Agents IA: entre flou et accélération
Les deux experts distinguent plusieurs formes d’intelligence artificielle, dont l’IA générative, popularisée par des outils comme ChatGPT— l’IA traditionnelle, qui regroupe des systèmes conçus pour exécuter une tâche précise — et les agents autonomes, capables de planifier, exécuter et enchaîner des actions pour atteindre un objectif. Si les entreprises interrogées se disent désormais familières avec l’IA générative, la distinction avec l’IA traditionnelle et surtout avec les agents autonomes reste floue. «Cette confusion est d’autant plus forte que ces agents exigent un niveau de maturité supérieur», observe Alexandre Caboussat.

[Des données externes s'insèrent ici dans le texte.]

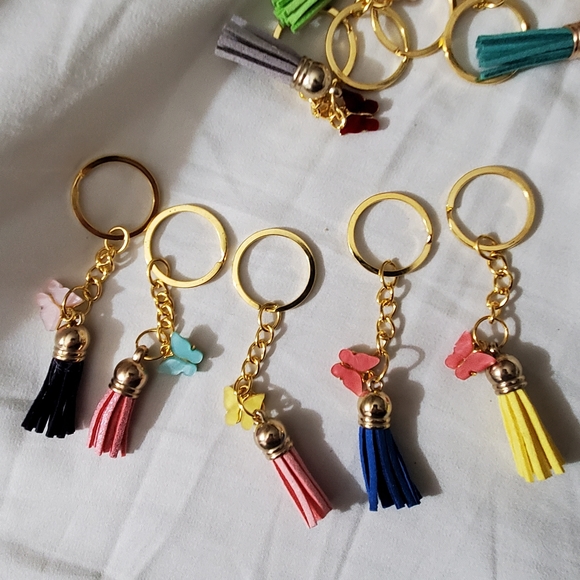 Free gift with order tassel Keychain butterfly handmade gold silver charms New ♥ - Picture 2 of 4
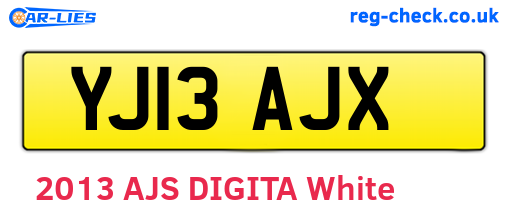 YJ13AJX are the vehicle registration plates.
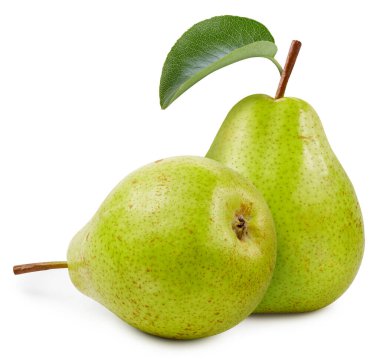 Armut kırpma yolu. Armut, beyaz arka planda izole edilmiş. Armut meyveli profesyonel stüdyo makro çekimi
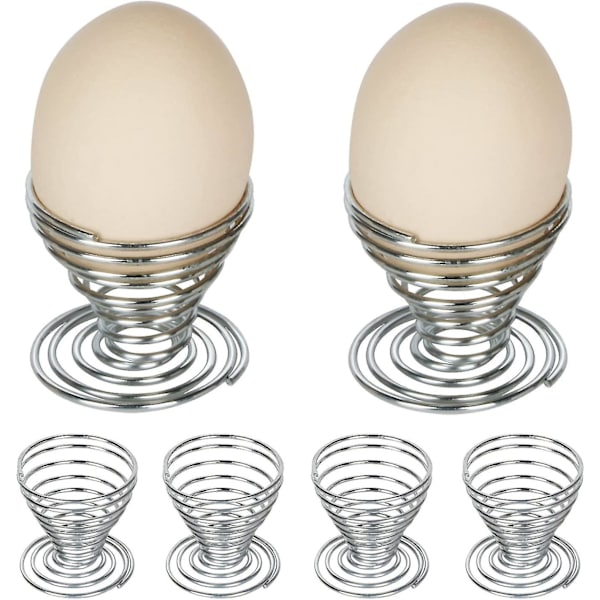 6 X Spiral Eggkopper i rustfritt ståltråd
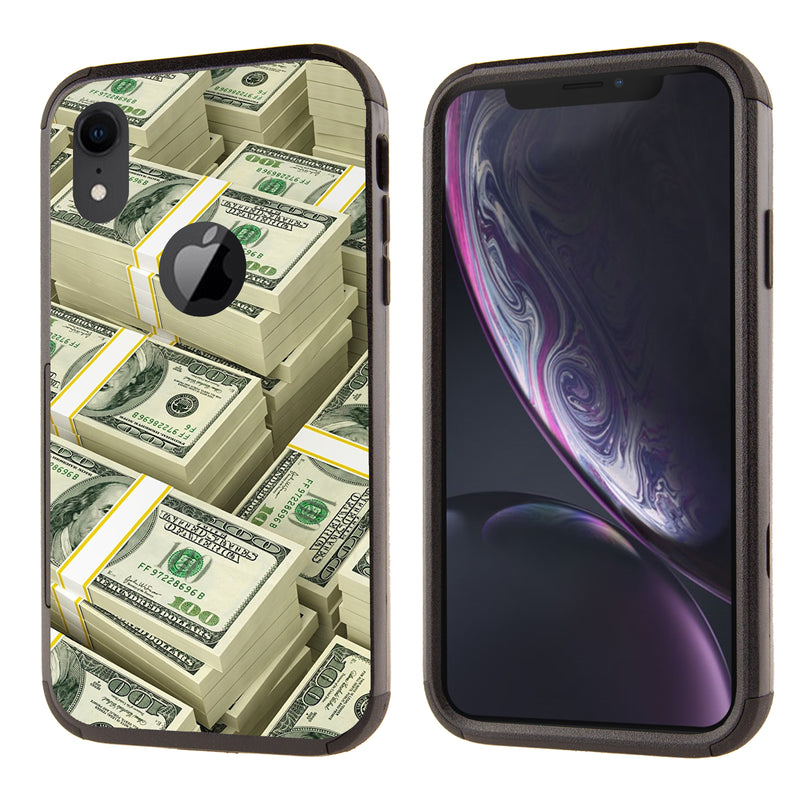 Printed Triple Layers Rugged Shockproof Case for Apple iPhone XR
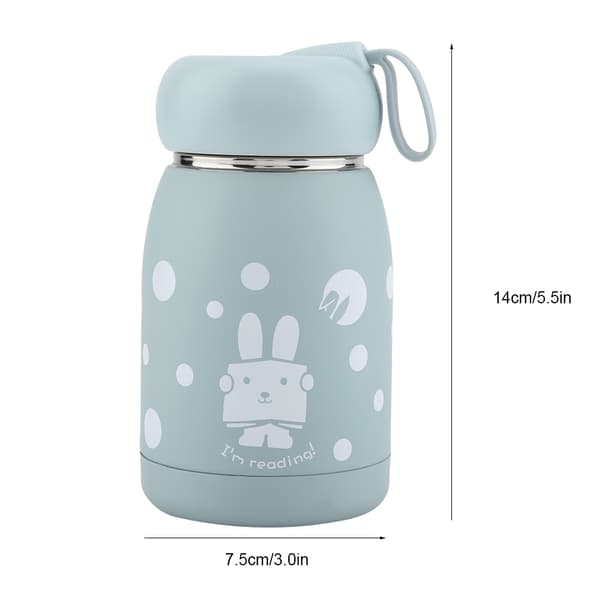 Stainless Steel Cute Rabbit Pattern Vacuum Cup Mug Thermos Cup Water Bottle (Blue)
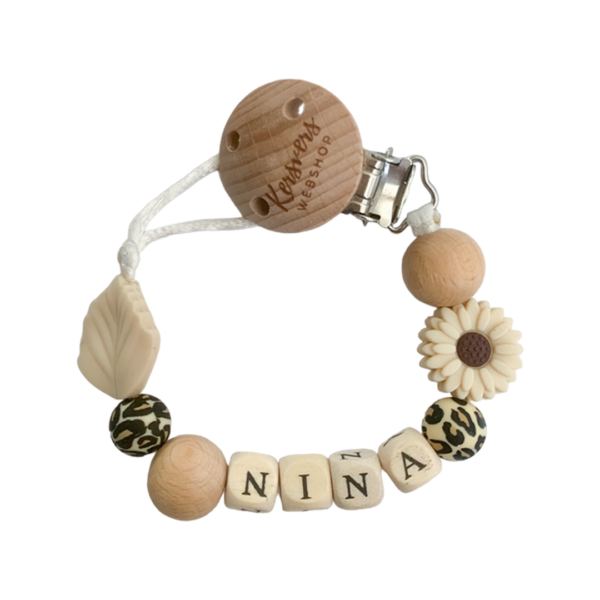Speenkoord panter en beige daisy bloem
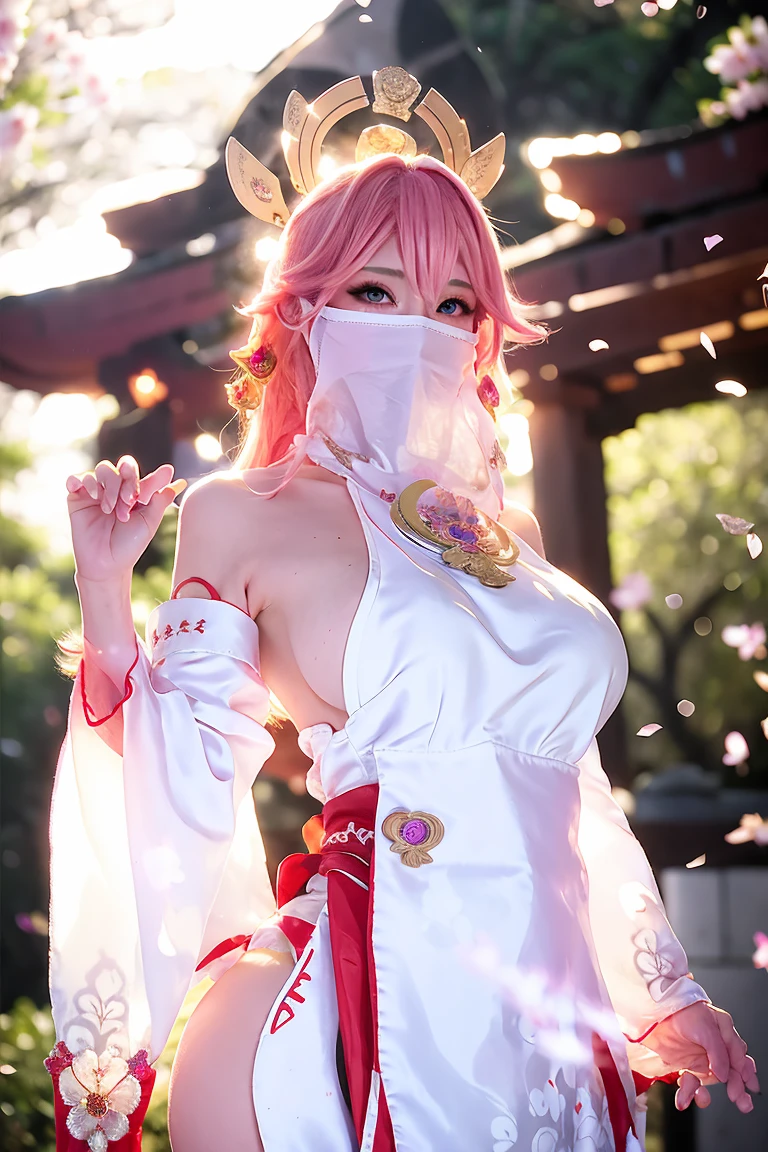 (Extreme Detail CG Unity 8K wallpaper, masterpiece, highest quality), (ulzzang-6500-v1.1:0.4) 1girl, kpop idol, yae miko, detached sleeves, pink hair, long hair, best quality, (photorealistic:1.2), (hair ornament:1.35), jewelry, fox ears, wearing face veil, (white face veil, silk mask veil:1.2), purple eyes, earrings, (very huge round breasts, big breasts: 1.2), torii, cherry blossoms, lantern light, depth of field, detailed face, face focus, (looking at viewer:1.25), shiny skin, long sleeves, cowboy shot, dynamic pose, (perfect proportions, elegant posture, sexypose:1.3), game cg, thigh highs, east asian architecture, blurry background, full body, focused expression, outdoor shrine setting, fantasy style,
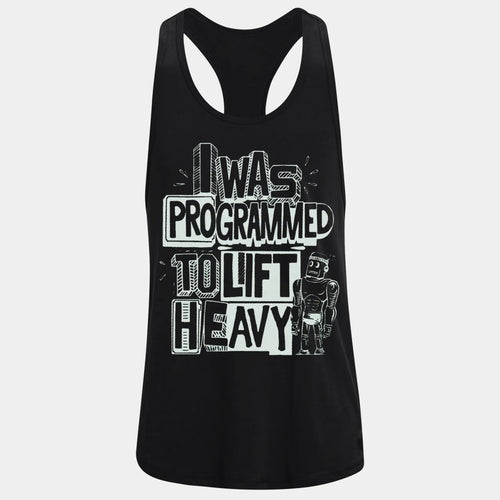 Фитнес потник с изрязан гръб I Was Programmed to Lift - Fitness Drehi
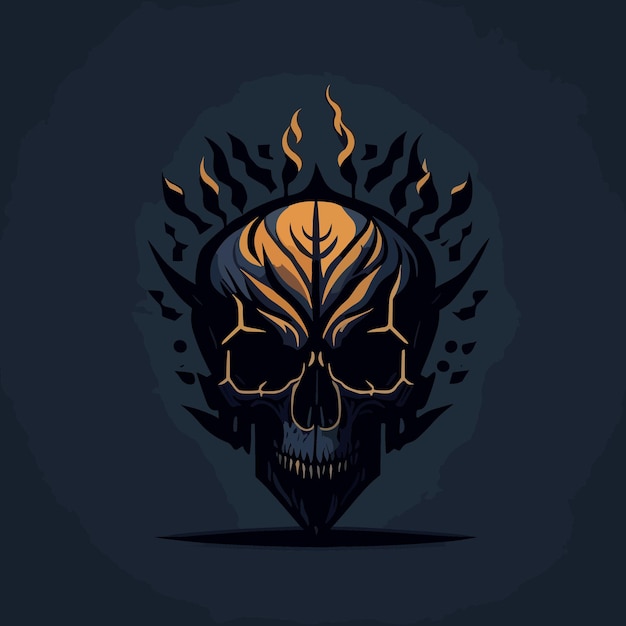 A skull with a flame design on it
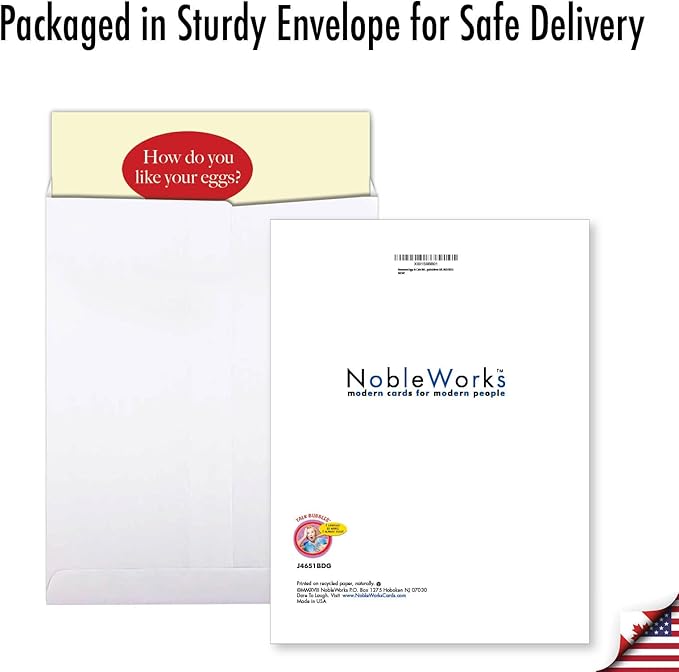 NobleWorks Big Hysterical Birthday Paper Card 8.5 x 11 Inch with Envelope (1 Pack) Large Jumbo Bday Eggs In Cake J4651BDG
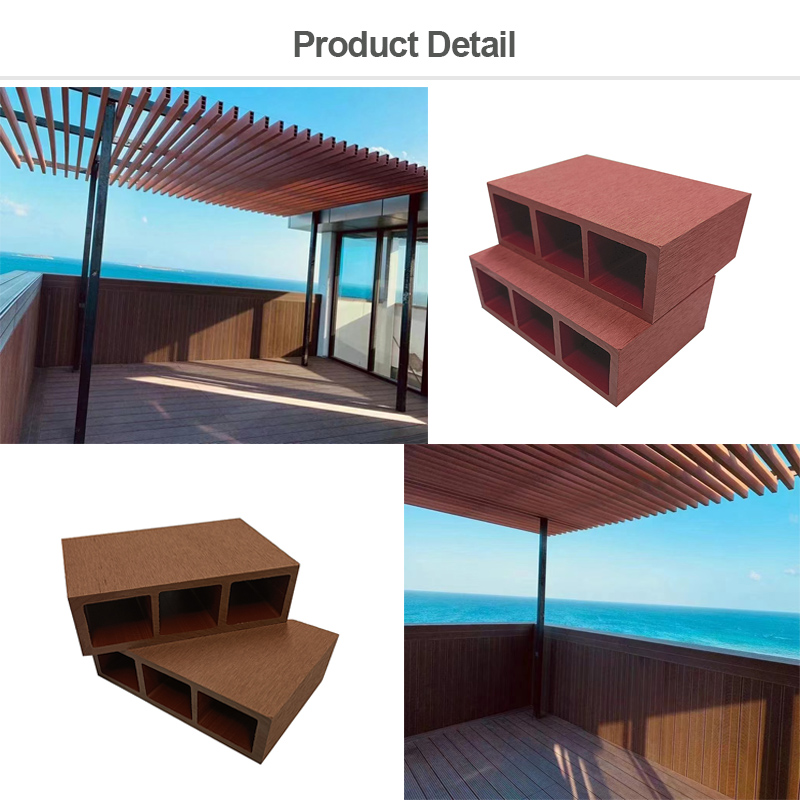 Outdoor Decoration Batten 150*50mm WPC Hollow Square Tube Column Wooden Partition Wall Wood Grain Ceiling Timber Tube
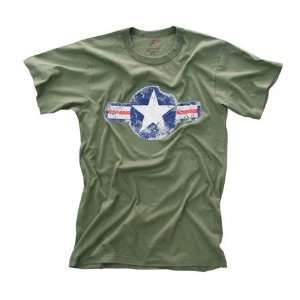 66300 Vintage Army Air Corp Olive Drab T Shirt,Polly Cotton(Medium 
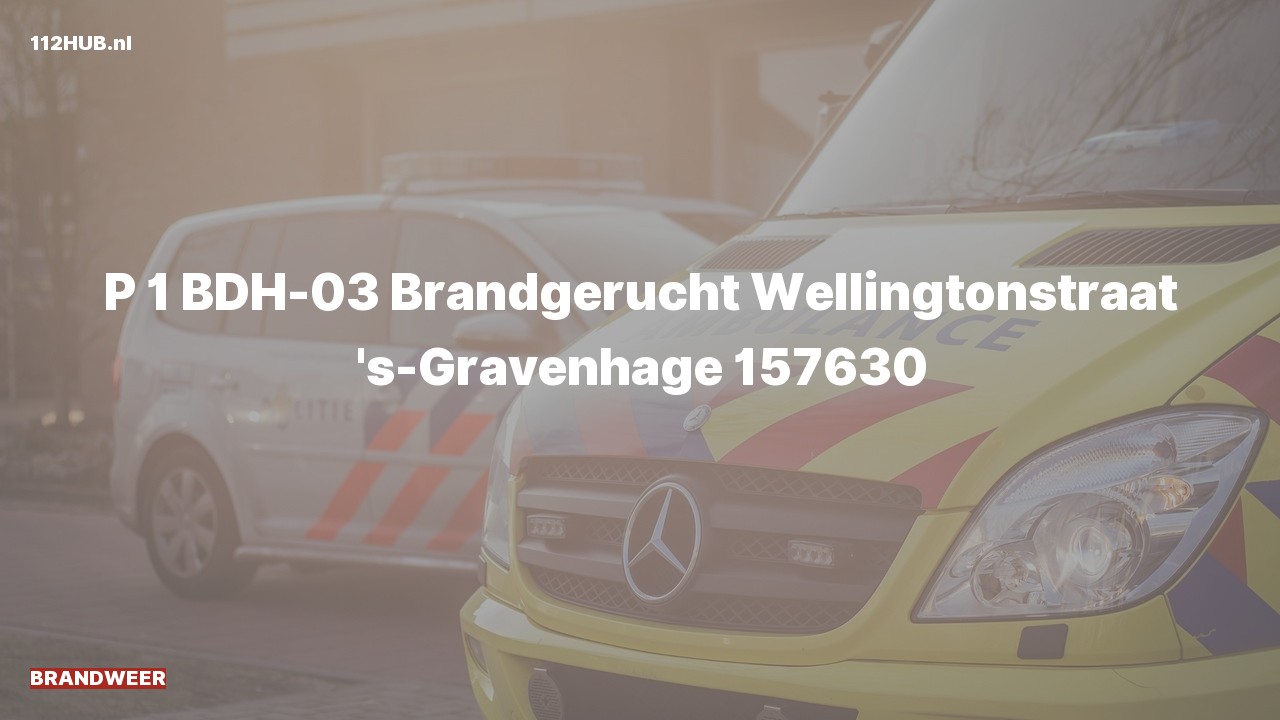 Deelafbeelding voor Brandweer met spoed voor brandgerucht naar de Wellingtonstraat in 's-Gravenhage.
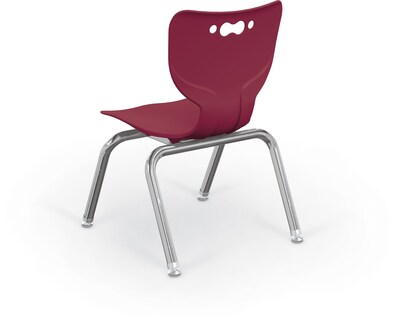 MooreCo 12 Hierarchy Student Chair with 4 Legs, Maroon/Chrome Base (703673562652)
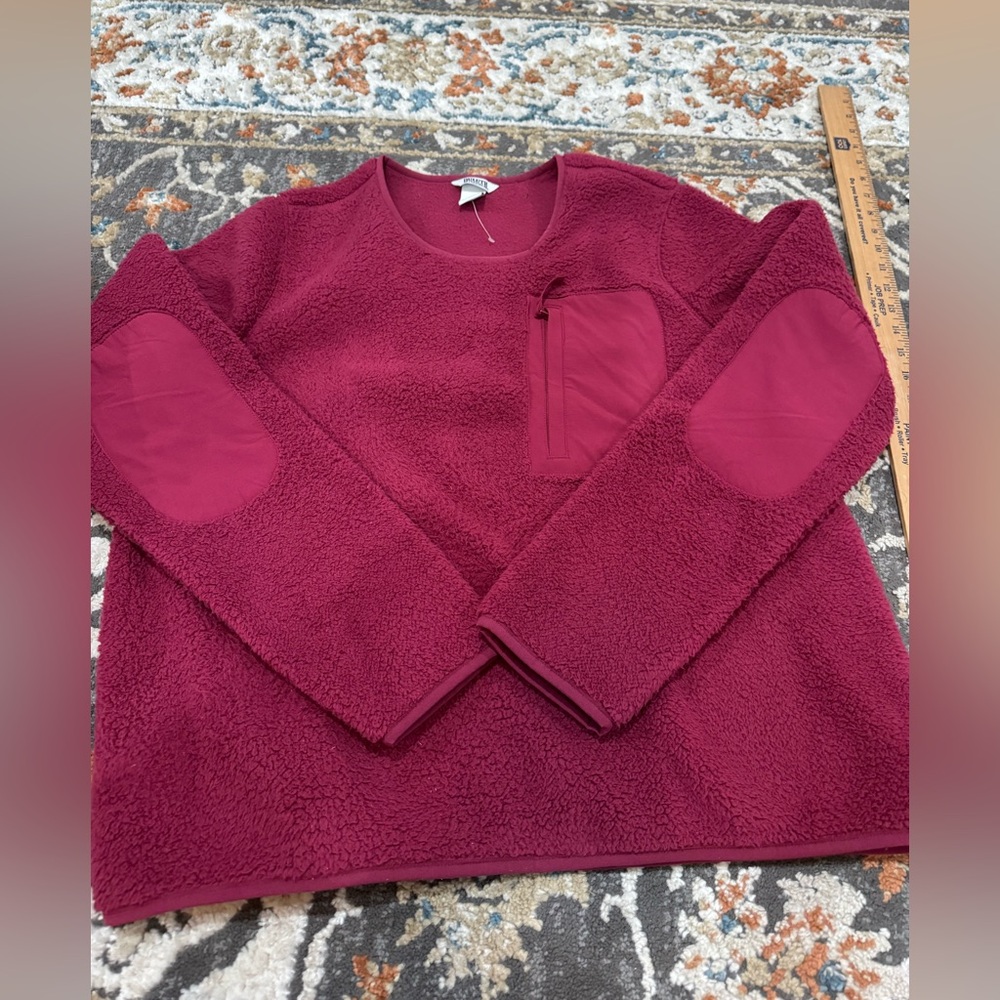 NWT Duluth Women's Softmore Fleece Crewneck Pullover Wine Size Large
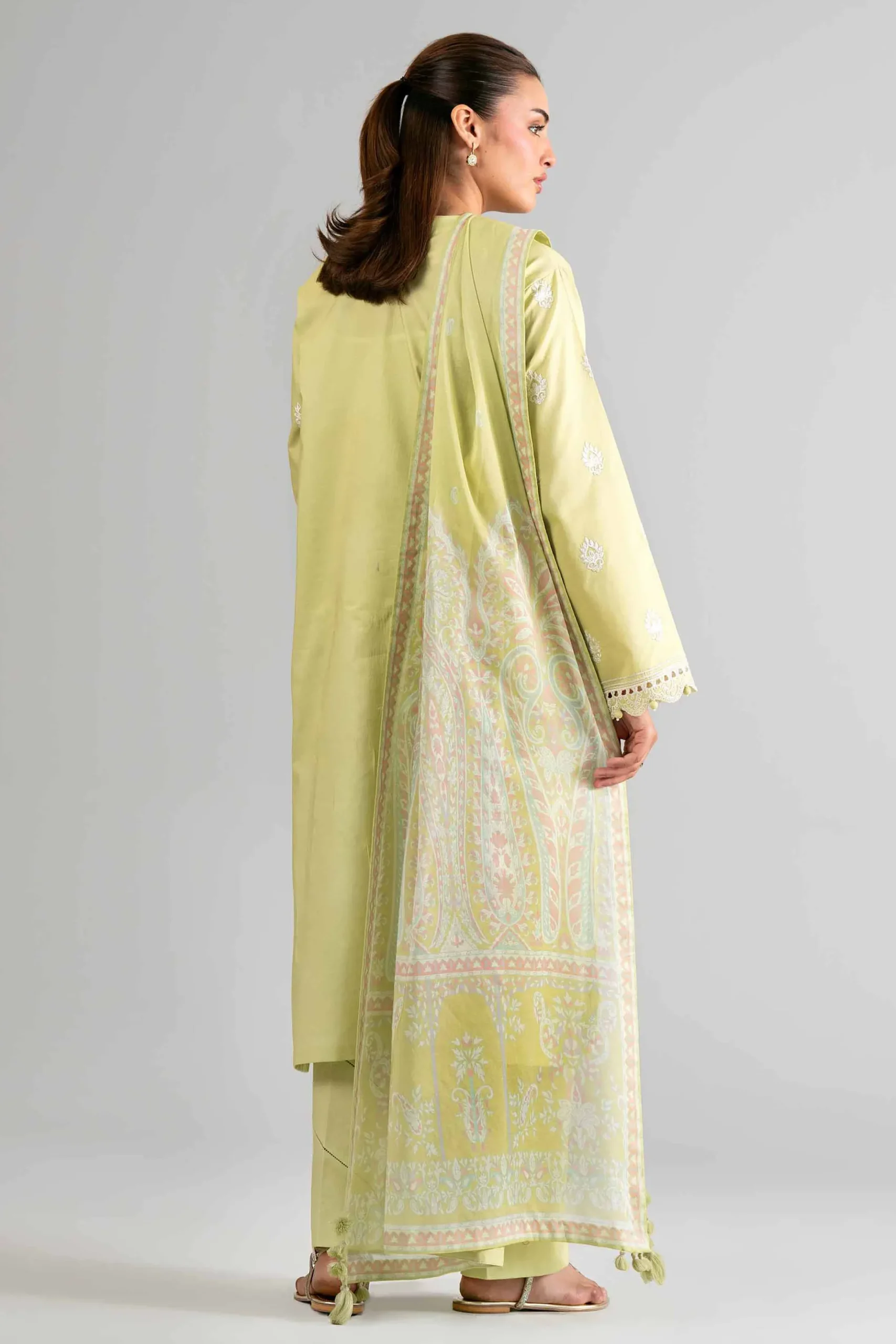 3 Piece - Digital Printed Embroidered Suit - 42601729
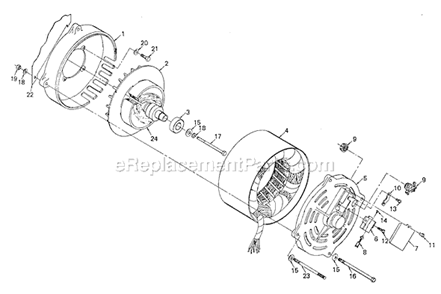 Page C Diagram and Parts List for 4792 SER 511-1001 Milwaukee Generator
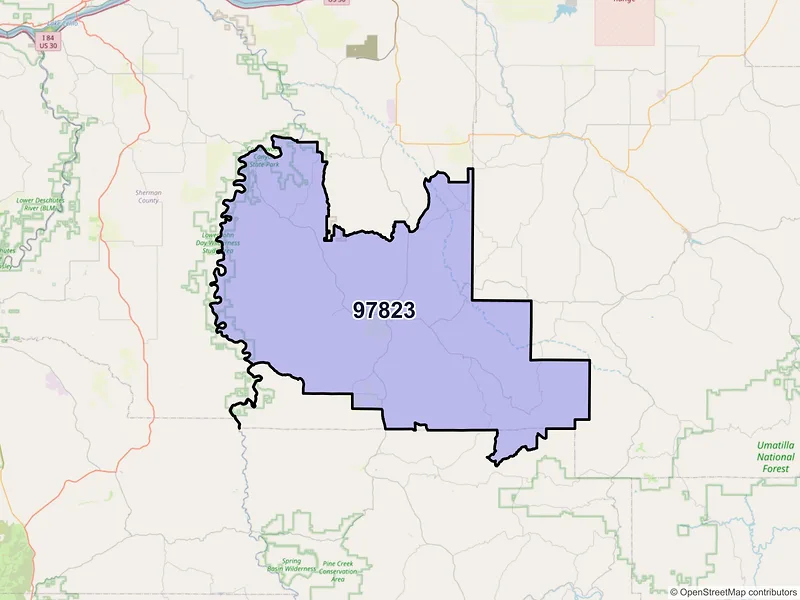 Map of Condon, Oregon and ZIP codes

Le rapport souligne aussi que l’IA ne se limite plus aux pilotes isolés: elle commence à s’ancrer dans les processus métiers. Si 77% des usages restent concentrés sur la relation client, le marketing et le service après-vente (contre 88% en 2024), la technologie gagne du terrain dans les fonctions support comme la finance, le juridique ou la supply chain, qui représentent désormais 33% des cas d’usage (28% un an plus tôt). Ressources humaines et développement produit apparaissent également comme des terrains d’expérimentation croissante, signe d’une diffusion plus transversale de l’IA au sein des organisations suisses.
«En 2024, beaucoup d’entreprises se limitaient à des pilotes IA. Je m’attendais en 2025 à les voir passer en production et commencer seulement à tester des agents. Mais on observe que certaines sont déjà allées plus vite que prévu, avec un effet d’accélération», ajoute le professeur de la HEG-Genève.
Le rapport et les experts citent des cas d’usage dans l’assurance (traitement automatisé de documents), la santé (génération de comptes rendus médicaux) et l’industrie (appui à la maintenance et à la logistique). Dans certains cas, comme l’assurance, ces solutions seraient déjà utilisées en production.
Des données de qualité, mais un ROI qui tarde
Si la qualité des données progresse – 62% des organisations la jugent désormais «bonne à excellente» (+14 points) –, le retour sur investissement reste limité. 58% des entreprises estiment encore leur ROI IA «basique ou inexistant». «Le principal obstacle, ce n’est pas la technologie mais la compréhension des dirigeants. Il y a donc un enjeu de formation, d’acculturation, de diversification.» explique Yvan Cognasse.
L’étude révèle également une évolution notable dans les critères d’adoption: l’IA n’est plus seulement évaluée à travers le ROI, mais également selon sa traçabilité, son empreinte énergétique et sa conformité éthique.
Une course encore ouverte
À moyen terme, les experts estiment que la Suisse est bien placée pour transformer son avance en leadership européen de l’IA appliquée. Le pays bénéficie d’un écosystème académique solide, d’entreprises innovantes et d’une culture de qualité des données. Mais la course reste ouverte. Pour franchir un cap, les organisations devront combler l’écart entre conviction et stratégie et intégrer l’IA au cœur de leur transformation.
«Ne vous contentez pas de mener des pilotes et de dire qu’on fait de l’IA. Ayez une ambition de passage à l’échelle, en apportant une vraie valeur à l’organisation», conclut Yvan Cognasse.
Méthodologie
L’Observatoire Data & IA 2025 repose sur un sondage quantitatif en ligne (janvier–mai 2025) et des entretiens qualitatifs. Une centaine d’organisations de tailles et secteurs variés y ont participé, couvrant l’industrie, la santé, l’assurance, le secteur public et les services numériques.